We’ve had lots of verbatim theatre, plus those Tricycle tribunal plays, but never a hybrid of both based on a 415-year-old trial. Well, it could have been a trial for 400 years of deaths from tobacco or obesity through potatoes!
Actor Oliver Chris has gone back to accounts of the original trial, which took place exactly 415 years ago in the very same hall (because there was plague in London) and dramatised it. The Attorney General presided, with two other ‘judges’, but to my surprise there was a jury to make the judgement, here twelve audience members. The complex case for treason was presented by two lawyers representing King James I. Ralegh had no representation. The evidence presented was written; there were no witnesses.
It’s really a duologue between Ralegh and Coke, the King’s counsel, and the case hinges on whose account you believe – Ralegh or chief conspirator Lord Cobham, who has already been found guilty and sentenced to death for the treason of the Bye (a catholic sub-plot) and confessed but not yet sentenced for the treason of the Main (for which Ralegh is now being tried). It turns out to be dry material for drama, I’m afraid, though the politics of it all are fascinating.
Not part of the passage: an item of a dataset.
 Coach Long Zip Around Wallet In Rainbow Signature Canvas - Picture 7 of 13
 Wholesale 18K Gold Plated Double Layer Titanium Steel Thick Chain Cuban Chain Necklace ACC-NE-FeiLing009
They haven’t retained the dress and conventions of the period, with the Attorney General, both prosecutors and clerk to the court all played by women, and everyone in modern dress. The setting is extraordinarily atmospheric and knowing you’re in the very same room adds more than a frisson. Simon Paisley Day as Ralegh and Nathalie Armin as Coke are both excellent. I think I enjoyed what I learnt about Ralegh – favourite of Elizabeth I, explorer, colonist, military man, lawyer, MP, poet and wine merchant – by reading around it than I did the re-enactment of the trial itself. He was a colourful character who had a pretty dull trial so that James could give him his comeuppance.
As event theatre, well worth a day trip to the gorgeous city of Winchester, where there was even more to see. As drama, a bit of a disappointment, I’m afraid. A Shakespeare’s Globe production that’s coming to the candlelit Sam Wanamaker Playhouse next week.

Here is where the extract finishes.